The film Hoosiers plays on this and oozes nostalgia in its very lighting and sounds.The film even defends, for one moment, what Springsteen's "Glory Days" critiques. When Barbara Hershey (one of my favorite all time actresses!!) asks head coach Gene Hackman why everyone gets so excited about a high school basketball victory Hackman says, convincingly, that many would "kill" to have just one moment in their lives when friends and spectators hoisted them on their shoulders. That is, it may only be high school sports glory -- but, for most, that is better than no glory at all in later life.

Why not indulge it?

This danger is inherent to all nostalgia. We almost always remember the past as greater. That the past wasn't greater is perpetually refuted by the simple fact we discover nostalgia in that very past we honor. That is, the past we imagine as being so great imagines their past as greater still. In Woody Allen's (a troubling figure for where this post is heading) recent film Midnight in Paris the lead character is nostalgic for the Parisian ex-patriot scene (Hemingway, Fitzgerald, Stein, et. al.) of the 1920s. The "shock" of the film is that he gets to go back there and even fall in love -- but the girl he falls in love with is nostalgic for her previous era -- the belle epoque of the late nineteenth-century.

Nestor, the oldest Greek hero in Homer's ancient epic poem the Iliad lambasts his colleagues -- Achilles, Odysseus, Agammenon, Ajax -- for being wimps! You aren't tough like we were says this character from the "oldest" western poem.

In getting overly nostalgic about the past we can miss the flaws that those living in a particular era saw with great clarity. The past, in short, can be pretty bad. This is true certainly for nostalgia and sports.

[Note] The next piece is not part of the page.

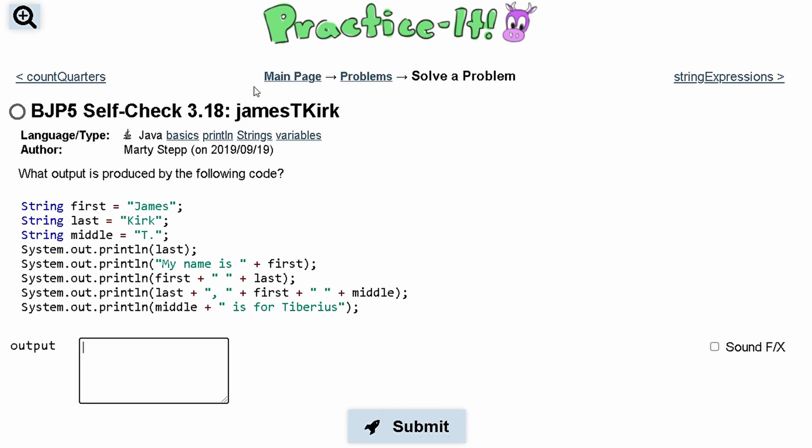For Practice-it Self-Check 3.18 James T. Kirk, we are asked what output is produced with the following code. This is just basic strings.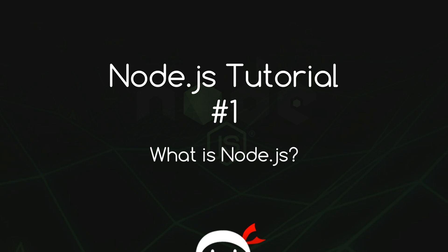Yo what's happening campers, welcome to your first lesson of the best Node.js tutorial series on the planet.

I remember watching *Something for Joey* at home as a made for TV movie and crying as a kid.

The film is about Heismann trophy winner John Cappeletti from Penn State. At the end of the film Cappeletti  gives his trophy to his younger brother, Joey, who later dies from leukemia. In this last scene an already middle aged football coach, Joe Paterno, looks on at his star doing the right thing. This, one could imagine, as I did, even as a child indulging in nostalgia, was the way sports should be.

Tough, hard nosed fullback from working class family does everything right for a football program that was simple and pure (those plain black and white uniforms). Perfect.

Past meets present for me in that Paterno, who seemed old to me then, still coaches.